== PROBLEM TO SOLVE ==
Pictures aside, repeat every entry exactly.

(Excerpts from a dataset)
══════════════════════════════

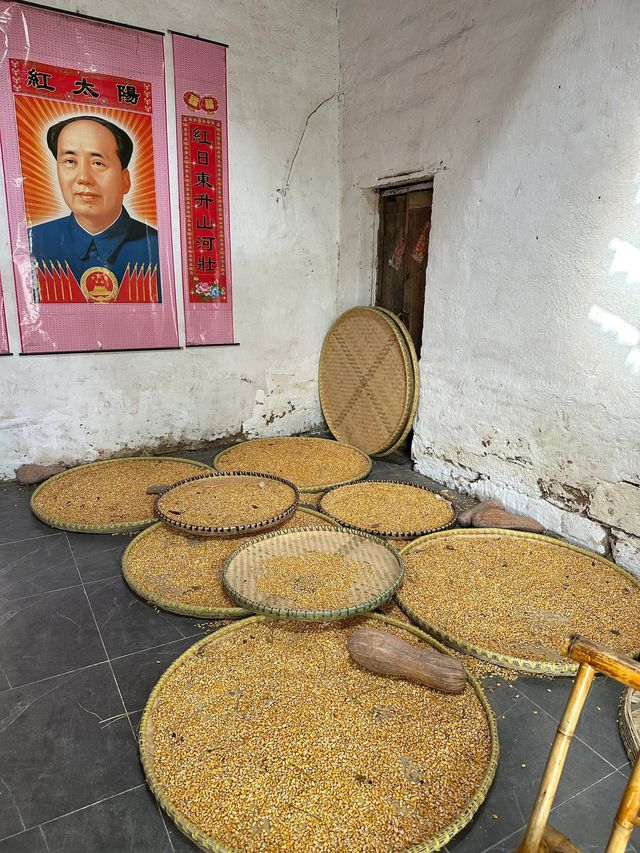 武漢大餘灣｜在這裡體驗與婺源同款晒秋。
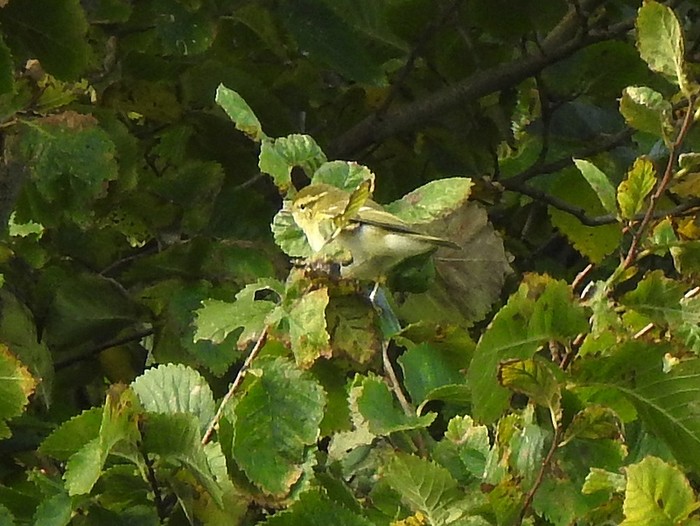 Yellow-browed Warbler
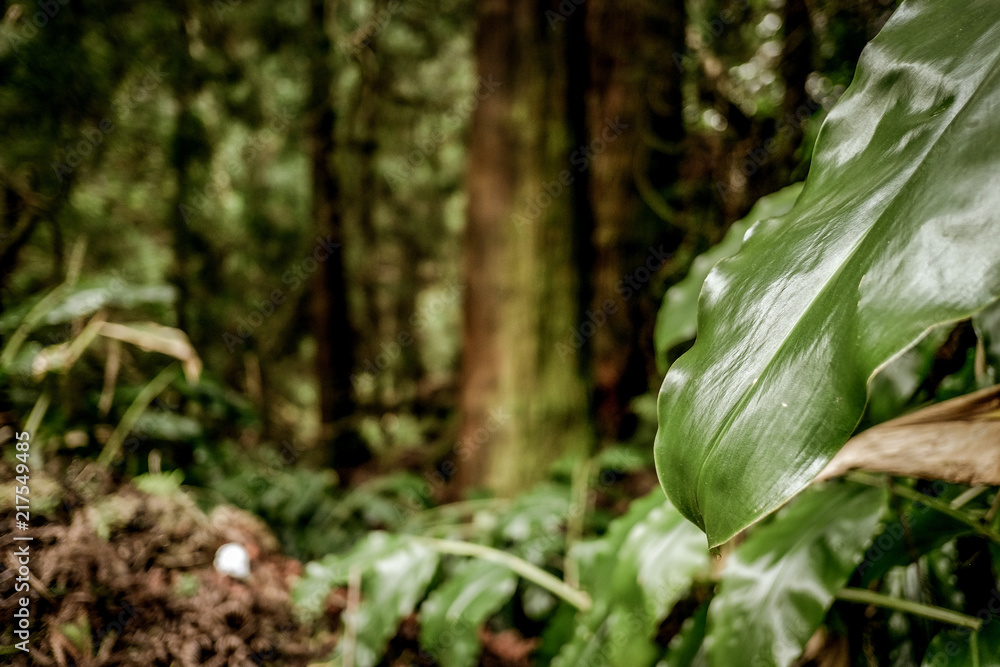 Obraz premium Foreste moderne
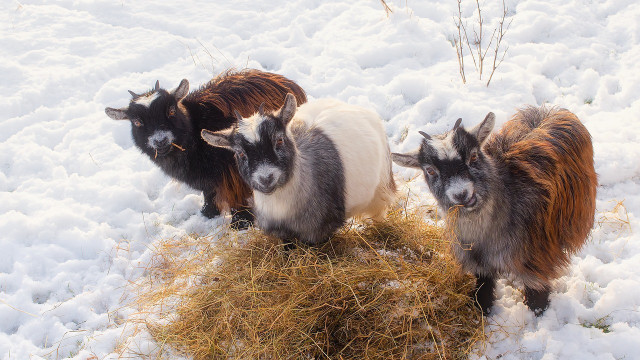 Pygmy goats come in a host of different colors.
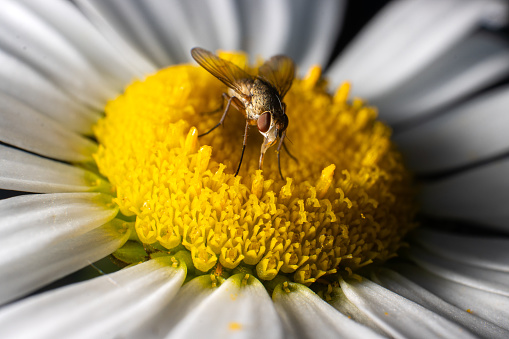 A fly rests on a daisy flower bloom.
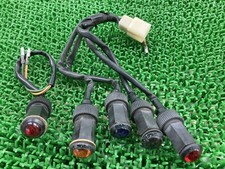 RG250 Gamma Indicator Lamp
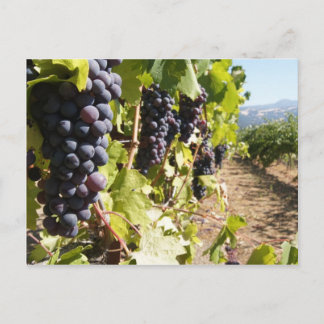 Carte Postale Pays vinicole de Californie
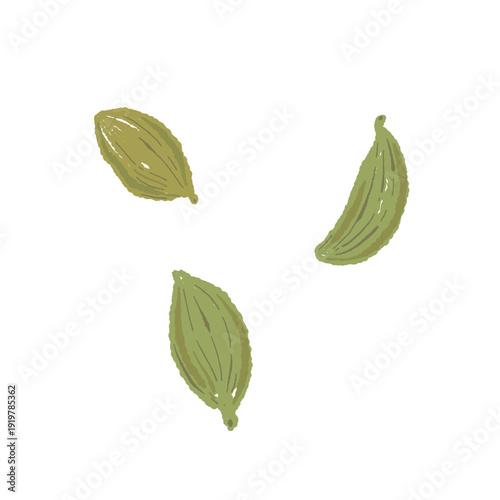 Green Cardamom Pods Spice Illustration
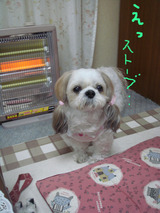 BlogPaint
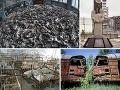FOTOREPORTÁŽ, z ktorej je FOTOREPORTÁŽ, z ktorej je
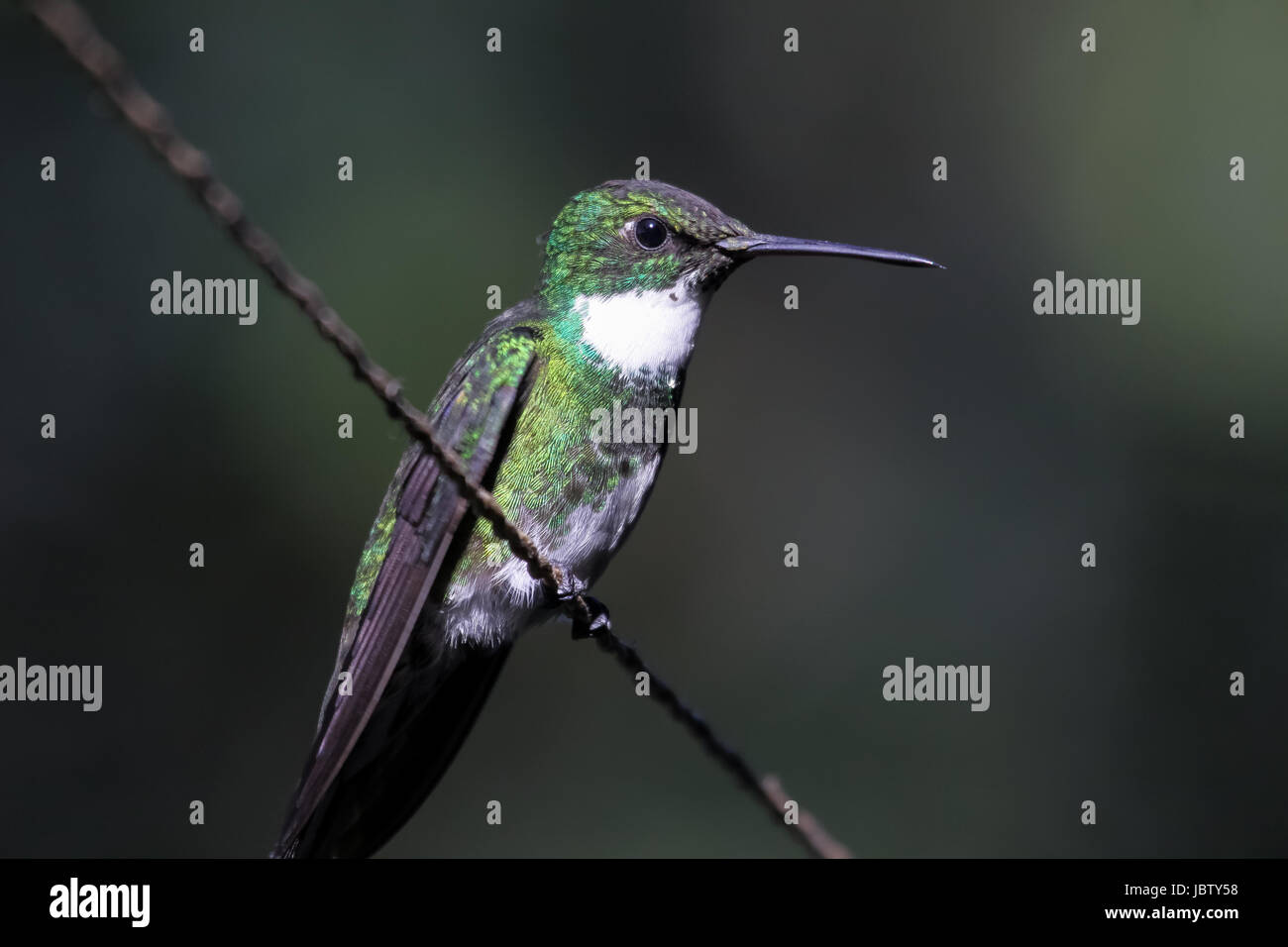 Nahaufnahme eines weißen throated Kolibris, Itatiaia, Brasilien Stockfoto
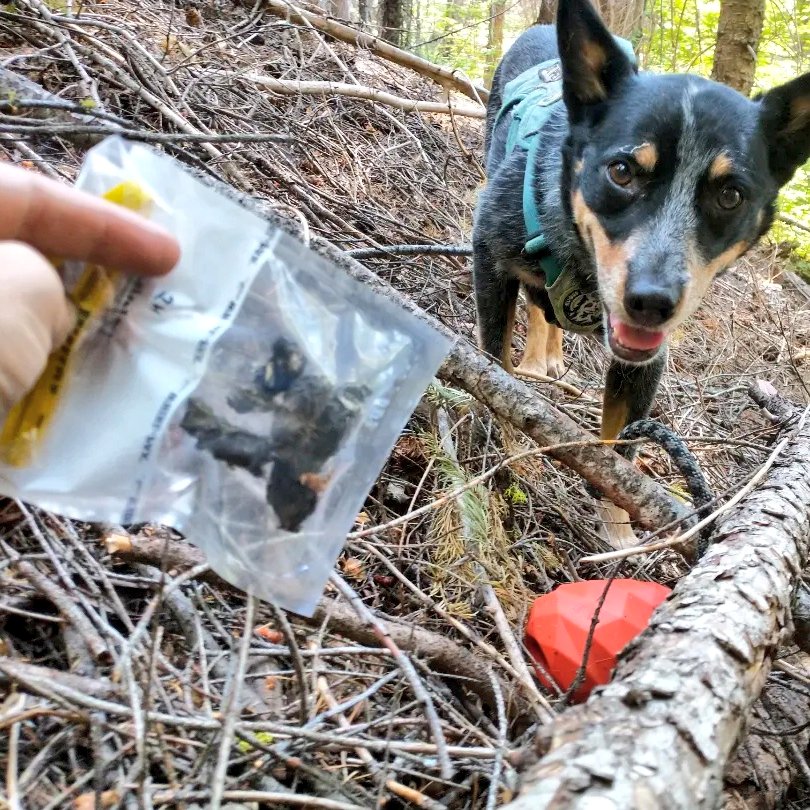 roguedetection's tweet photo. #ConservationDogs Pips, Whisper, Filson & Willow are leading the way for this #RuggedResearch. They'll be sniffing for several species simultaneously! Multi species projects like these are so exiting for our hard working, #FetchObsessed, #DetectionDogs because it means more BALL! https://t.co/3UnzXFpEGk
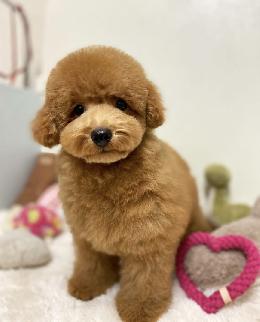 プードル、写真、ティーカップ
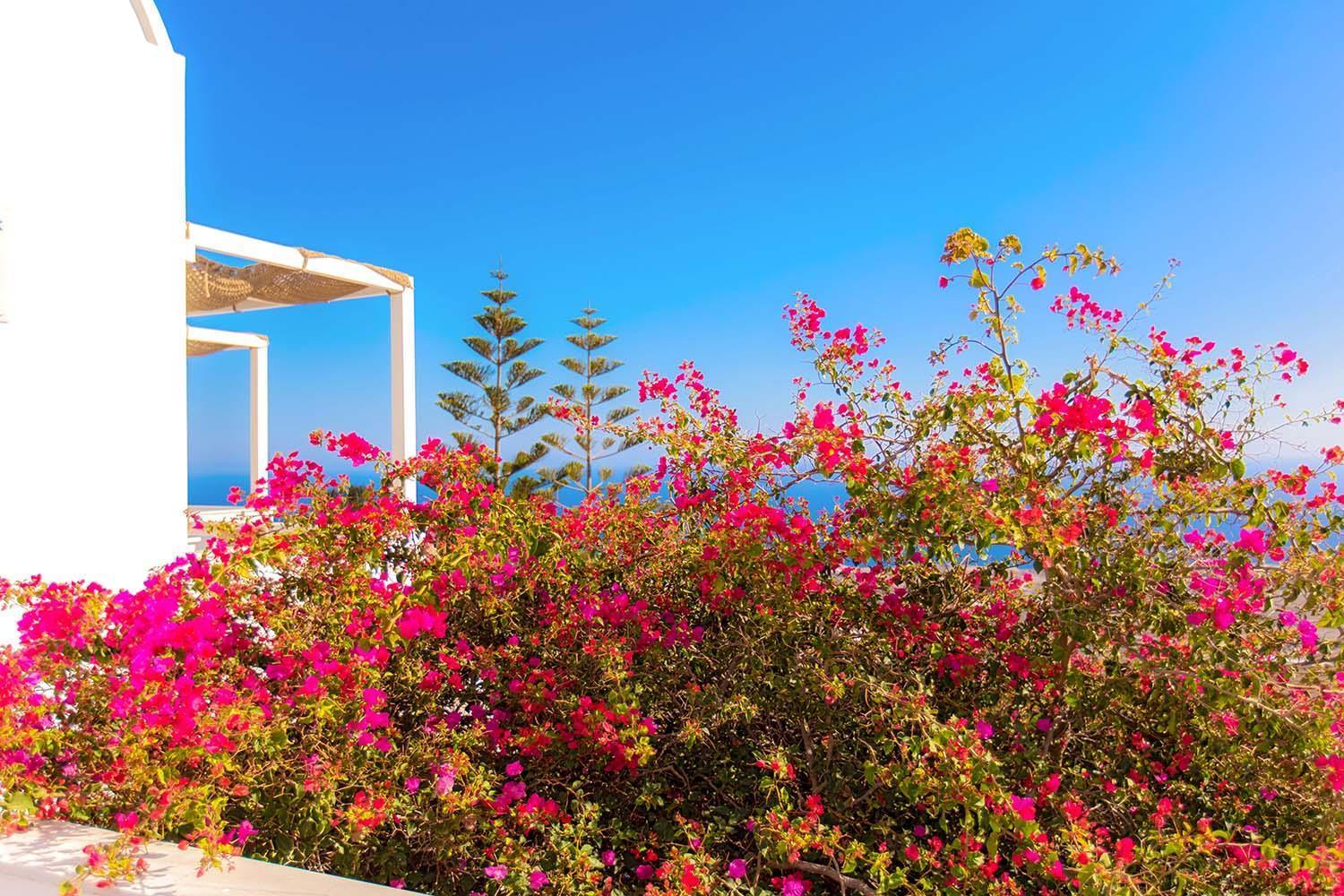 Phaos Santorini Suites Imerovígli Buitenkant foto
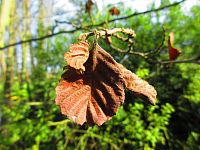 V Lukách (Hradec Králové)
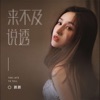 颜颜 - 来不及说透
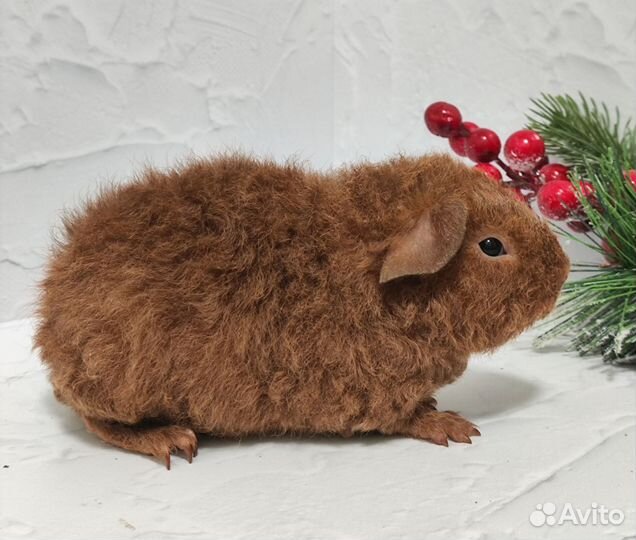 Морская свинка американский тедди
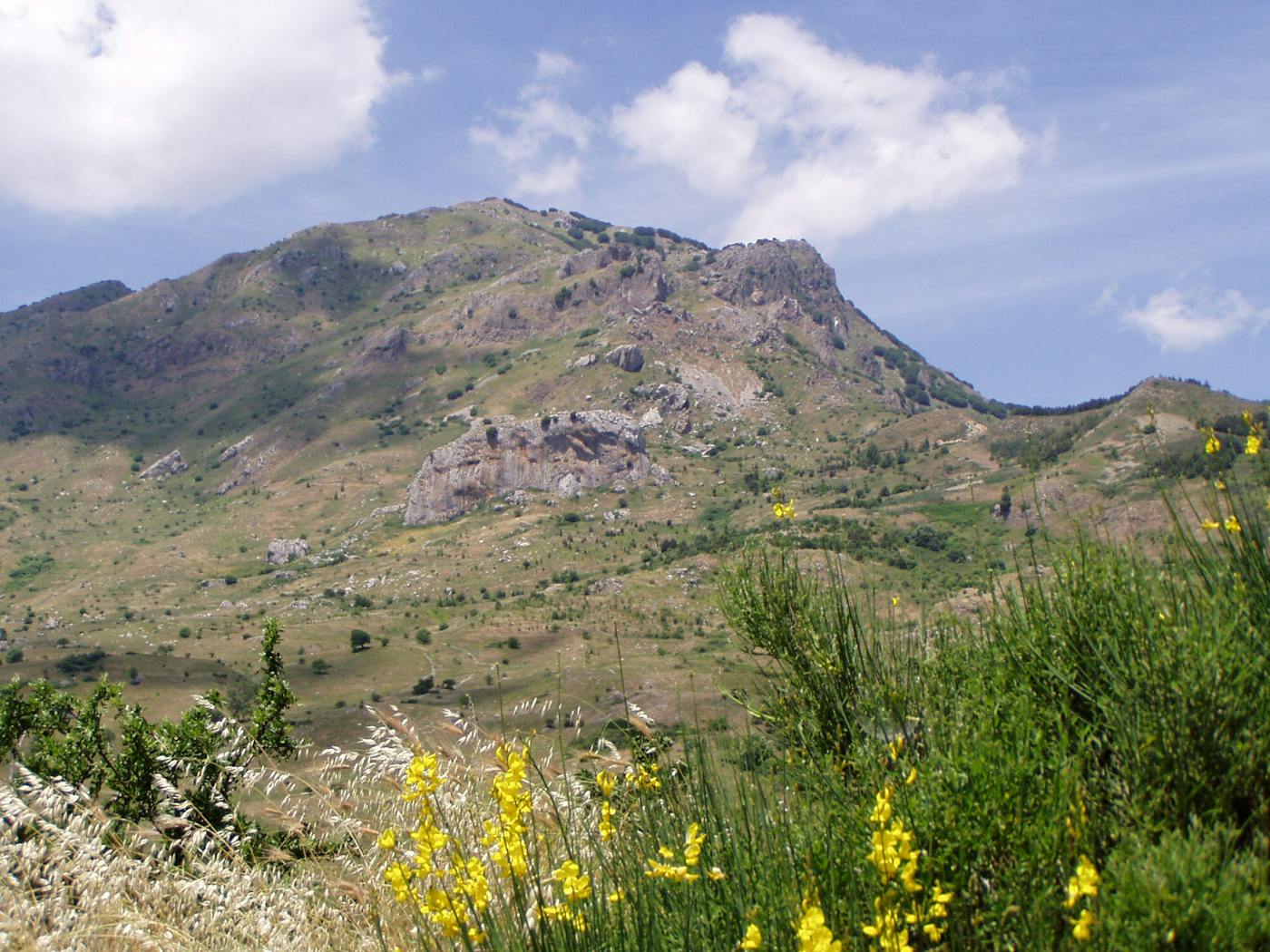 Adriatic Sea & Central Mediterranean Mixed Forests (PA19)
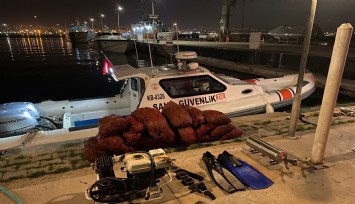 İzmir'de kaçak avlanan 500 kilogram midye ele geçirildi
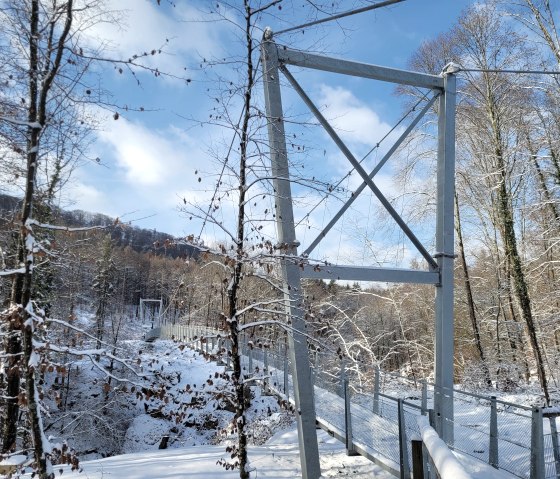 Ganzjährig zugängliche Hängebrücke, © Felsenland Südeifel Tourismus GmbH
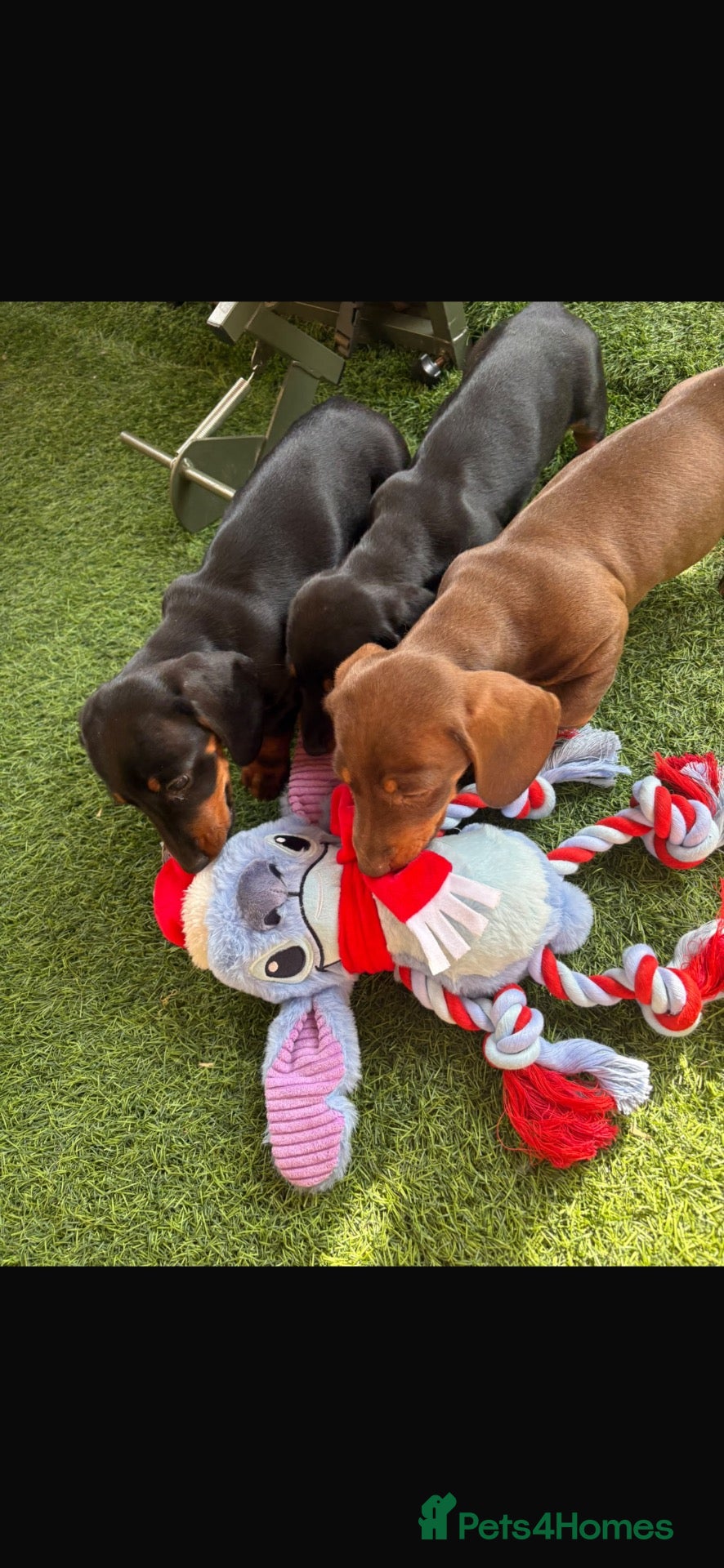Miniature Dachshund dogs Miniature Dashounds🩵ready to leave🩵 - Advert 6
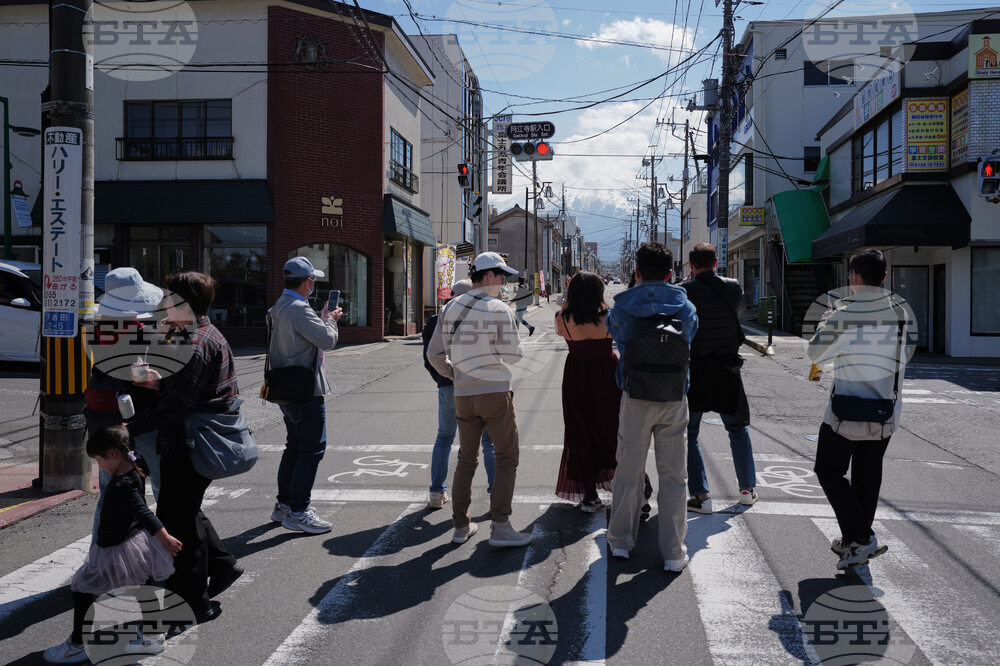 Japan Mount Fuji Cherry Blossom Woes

══════════════════════════════

== RESULT OF THIS TASK ==
 武漢大餘灣｜在這裡體驗與婺源同款晒秋。
 Yellow-browed Warbler
 Obraz premium Foreste moderne
 Pygmy goats come in a host of different colors.
 A fly rests on a daisy flower bloom.
 RG250 Gamma Indicator Lamp
 Carte Postale Pays vinicole de Californie
 Green Cardamom Pods Spice Illustration
 BlogPaint
FOTOREPORTÁŽ, z ktorej je FOTOREPORTÁŽ, z ktorej je
 Nahaufnahme eines weißen throated Kolibris, Itatiaia, Brasilien Stockfoto
 roguedetection's tweet photo. #ConservationDogs Pips, Whisper, Filson & Willow are leading the way for this #RuggedResearch. They'll be sniffing for several species simultaneously! Multi species projects like these are so exiting for our hard working, #FetchObsessed, #DetectionDogs because it means more BALL! https://t.co/3UnzXFpEGk
 プードル、写真、ティーカップ
 Phaos Santorini Suites Imerovígli Buitenkant foto
 V Lukách (Hradec Králové)
 颜颜 - 来不及说透
 Морская свинка американский тедди
 Adriatic Sea & Central Mediterranean Mixed Forests (PA19)
 İzmir'de kaçak avlanan 500 kilogram midye ele geçirildi
 Ganzjährig zugängliche Hängebrücke, © Felsenland Südeifel Tourismus GmbH
Miniature Dachshund dogs Miniature Dashounds🩵ready to leave🩵 - Advert 6
 Japan Mount Fuji Cherry Blossom Woes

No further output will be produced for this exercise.